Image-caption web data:
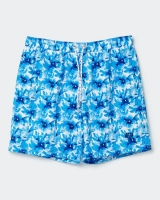 Dunnes Stores  Paul Costelloe Living Blue Floral Print Swim Shorts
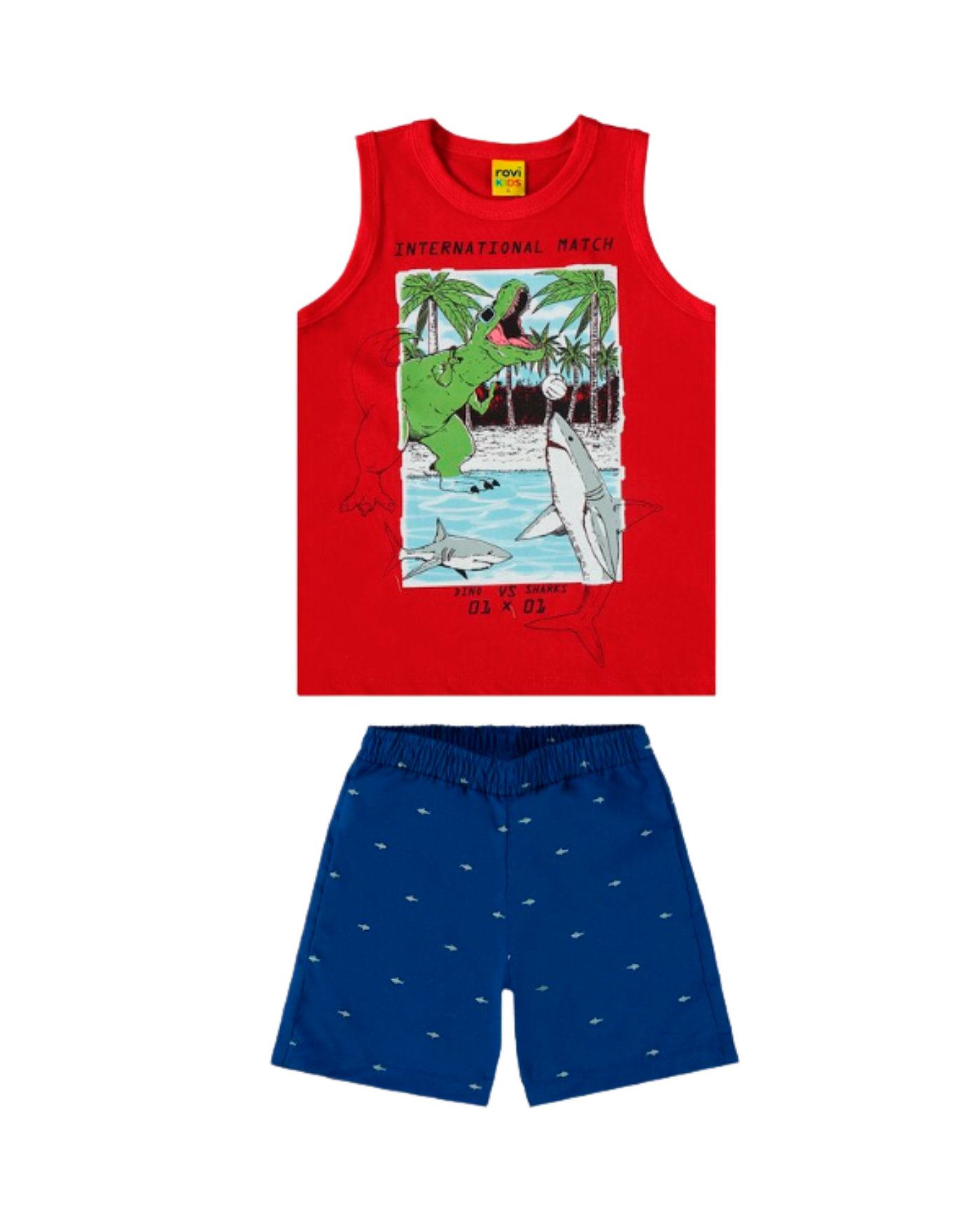 CONJUNTO INFANTIL MENIN ROVITEX DINO ISLAND - 3091553 - Imagem 5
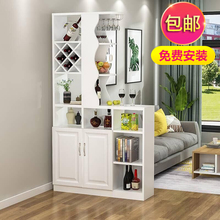 隔断柜qu关柜简约现ya柜酒柜双面烤漆装饰储物屏风间厅柜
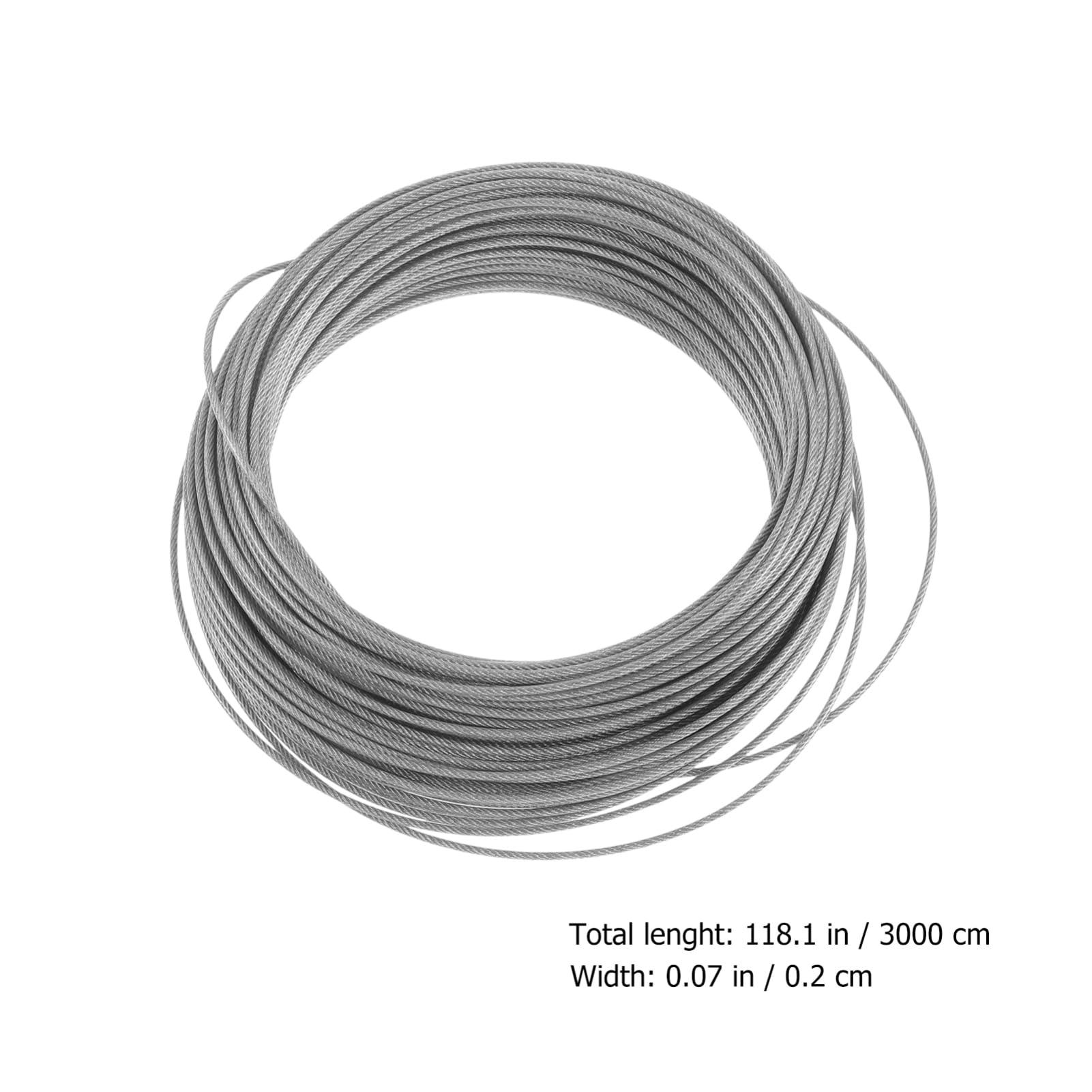 SOLUSTRE 1 Set Stainless Steel Cable Railing Kit 30-Meter Cable Rigging Wire Rope Thimble Supply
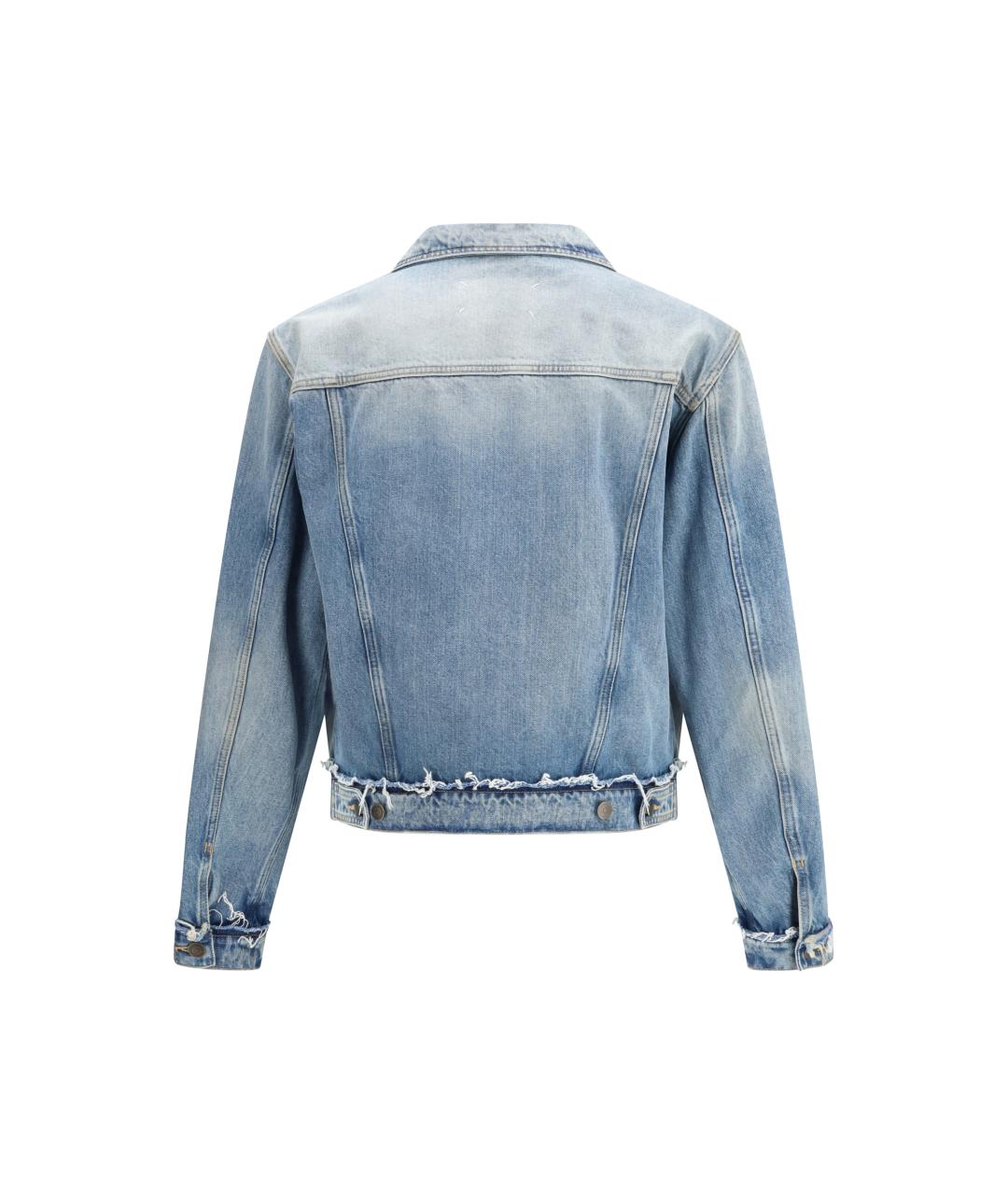 MAISON MARGIELA Синяя хлопковая куртка, фото 2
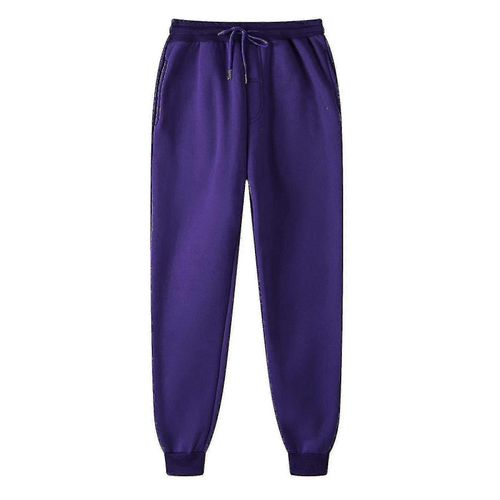 Mens Pants Pants Sweatpants Hip-Hop Pants Legging Padded Casual Pants-Xxl-Purple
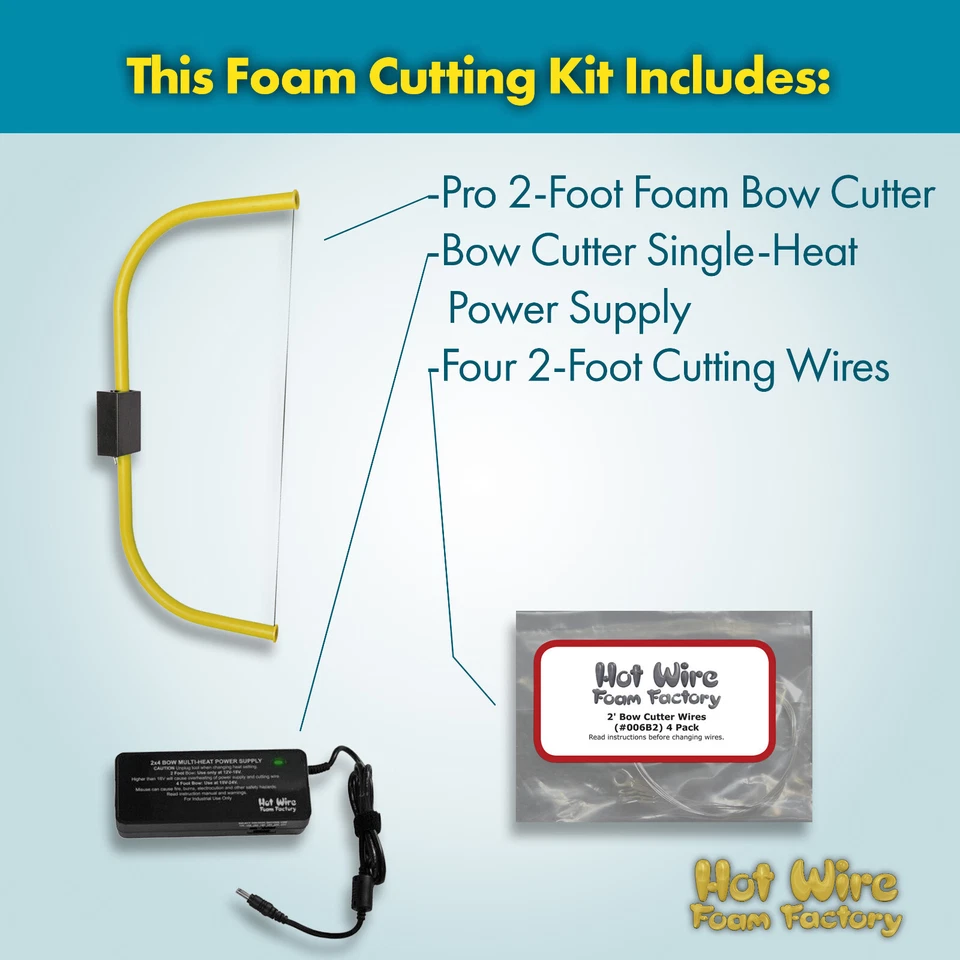 Pro 2-Foot Foam Bow Cutter Styrofoam, EPS, XPS, & Polystyrene Cutting Tool - Image 3 of 4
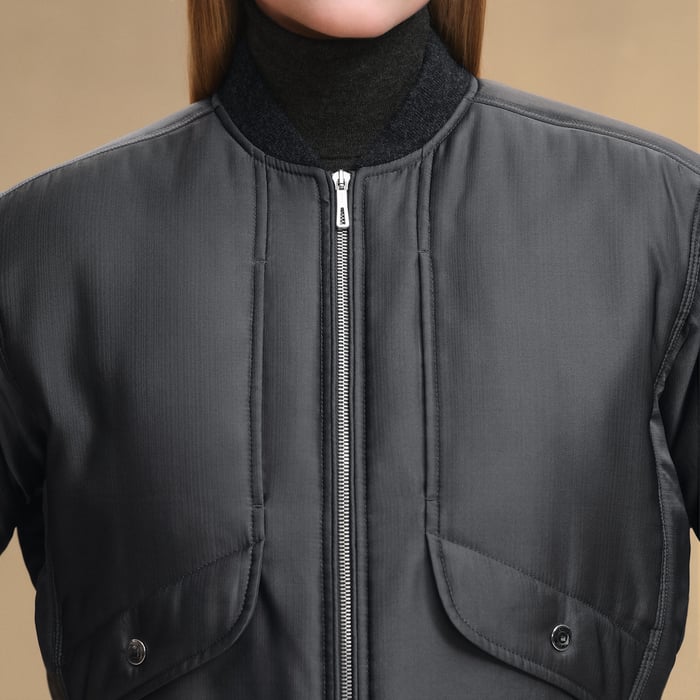 Gris Ardoise Bomber Jacket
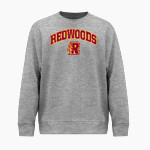College of the Redwoods Online Store <span class="pdp-name-mascot">College of the Redwoods CORSAIRS</span> BSN SPORTS Youth Cotton Rich Fleece Crew Neck Front Thumbnail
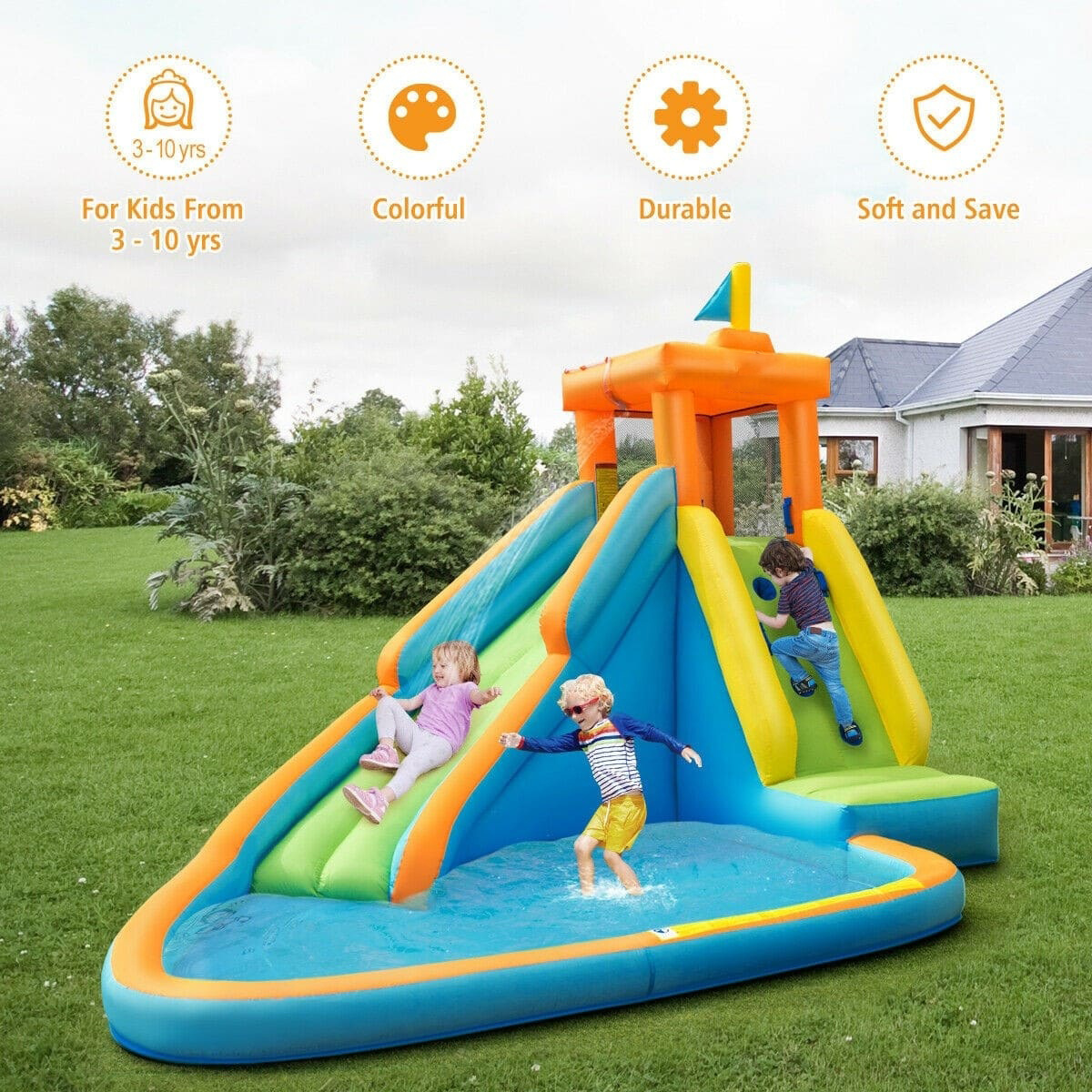 Inflatable Water Slide Kids Bounce House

● **Problem requirements**:
From the line holding "隔断柜qu关柜简约现ya柜酒柜双面烤漆装饰储物屏风间厅柜" down to the final line of the entries above, print every line exactly. Pictures do not go in.

● **Finished exercise**:
 隔断柜qu关柜简约现ya柜酒柜双面烤漆装饰储物屏风间厅柜
 SOLUSTRE 1 Set Stainless Steel Cable Railing Kit 30-Meter Cable Rigging Wire Rope Thimble Supply
 MAISON MARGIELA Синяя хлопковая куртка, фото 2
 Mens Pants Pants Sweatpants Hip-Hop Pants Legging Padded Casual Pants-Xxl-Purple
 Pro 2-Foot Foam Bow Cutter Styrofoam, EPS, XPS, & Polystyrene Cutting Tool - Image 3 of 4
 Gris Ardoise Bomber Jacket
College of the Redwoods Online Store <span class="pdp-name-mascot">College of the Redwoods CORSAIRS</span> BSN SPORTS Youth Cotton Rich Fleece Crew Neck Front Thumbnail
 Inflatable Water Slide Kids Bounce House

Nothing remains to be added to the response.